● TASK BRIEF: The answer must repeat every record exactly, with no pictures in it.

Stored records
▬▬▬
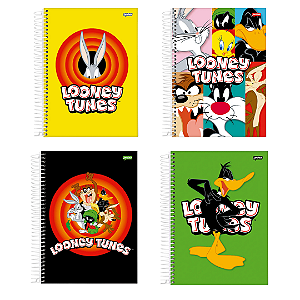 Caderno Espiral Capa Dura Looney Tunes 80 Folhas Jandaia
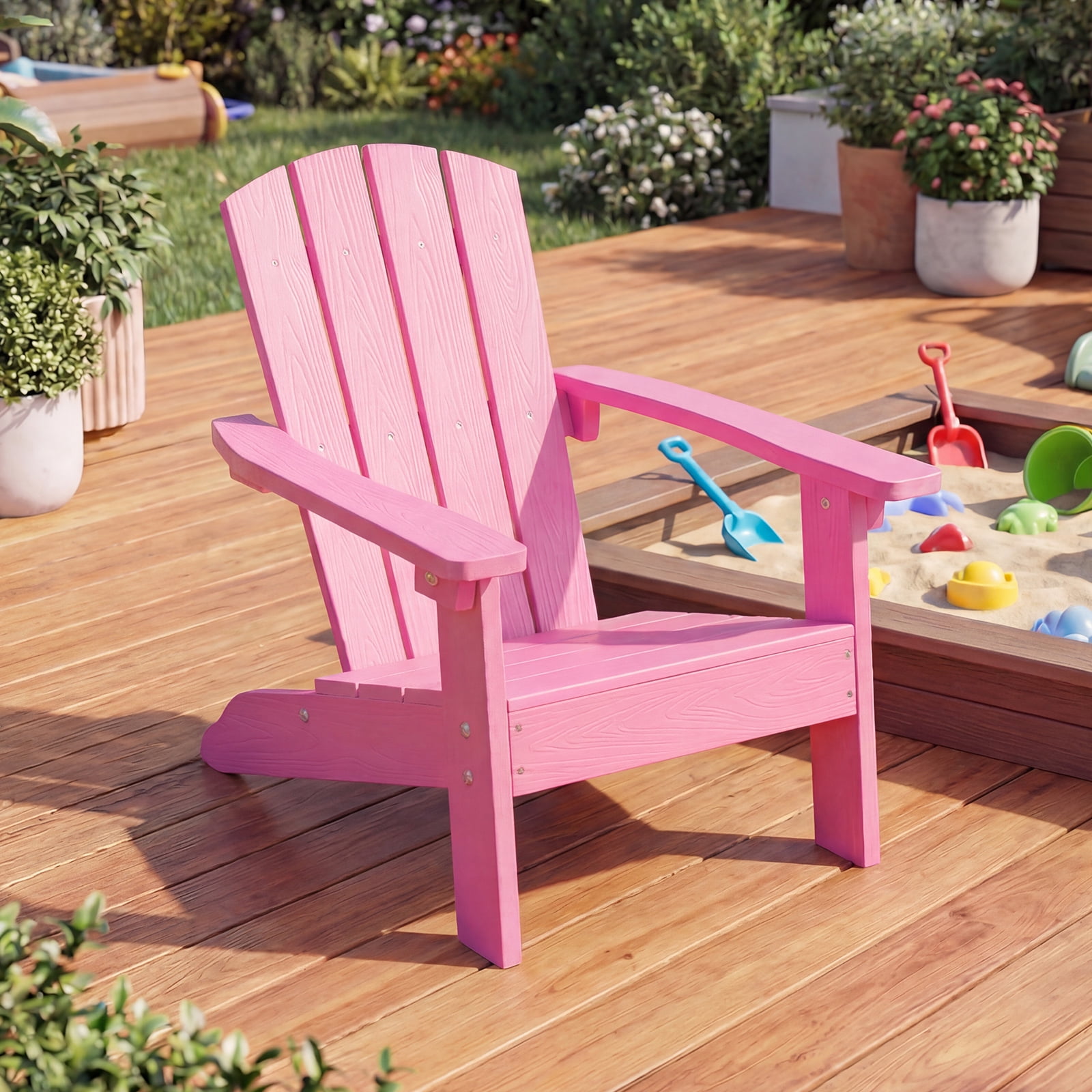 Costway Kids Adirondack Chair with High Backrest Armrests Fire Pit Chair for Kids Ages 3-8 Pink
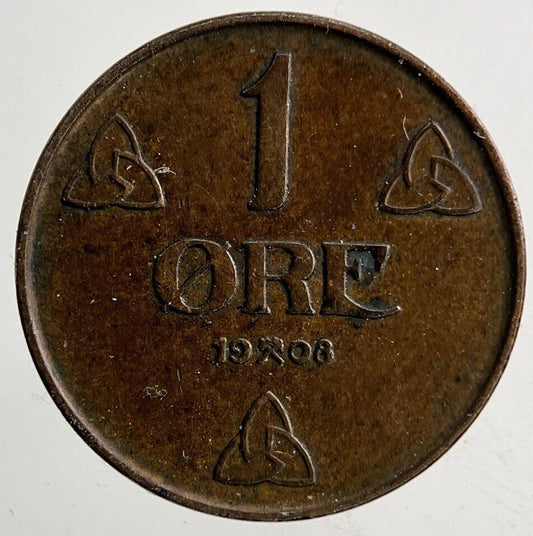1908 Sweden 1 Ore Coin | Fine Collectable Grade
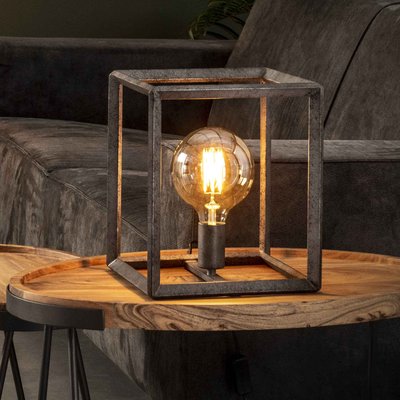 Lampe cube lumineux en métal style industriel RALF PIER IMPORT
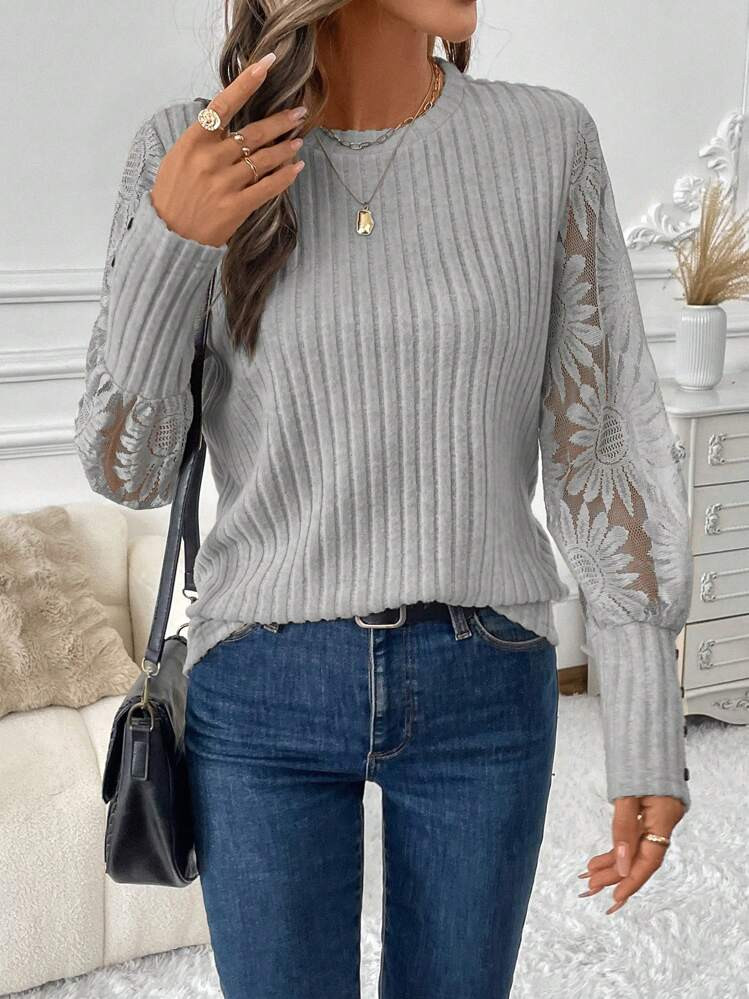 SHEIN LUNE Lace Panel Apricot Casual Blouse For Women, Autumn | SHEIN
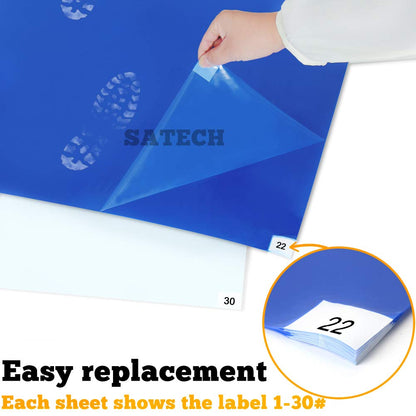 SATECH Sticky/Tacky/Adhesive Mat for Cleanroom Laboratory Construction Hospital Pets 36" x 45" White (Case of 4 Mats,30 Sheets Each)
▬▬▬
● FINISHED EXERCISE:
 Caderno Espiral Capa Dura Looney Tunes 80 Folhas Jandaia
 Costway Kids Adirondack Chair with High Backrest Armrests Fire Pit Chair for Kids Ages 3-8 Pink
1908 Sweden 1 Ore Coin | Fine Collectable Grade
 Lampe cube lumineux en métal style industriel RALF PIER IMPORT
 SHEIN LUNE Lace Panel Apricot Casual Blouse For Women, Autumn | SHEIN
 SATECH Sticky/Tacky/Adhesive Mat for Cleanroom Laboratory Construction Hospital Pets 36" x 45" White (Case of 4 Mats,30 Sheets Each)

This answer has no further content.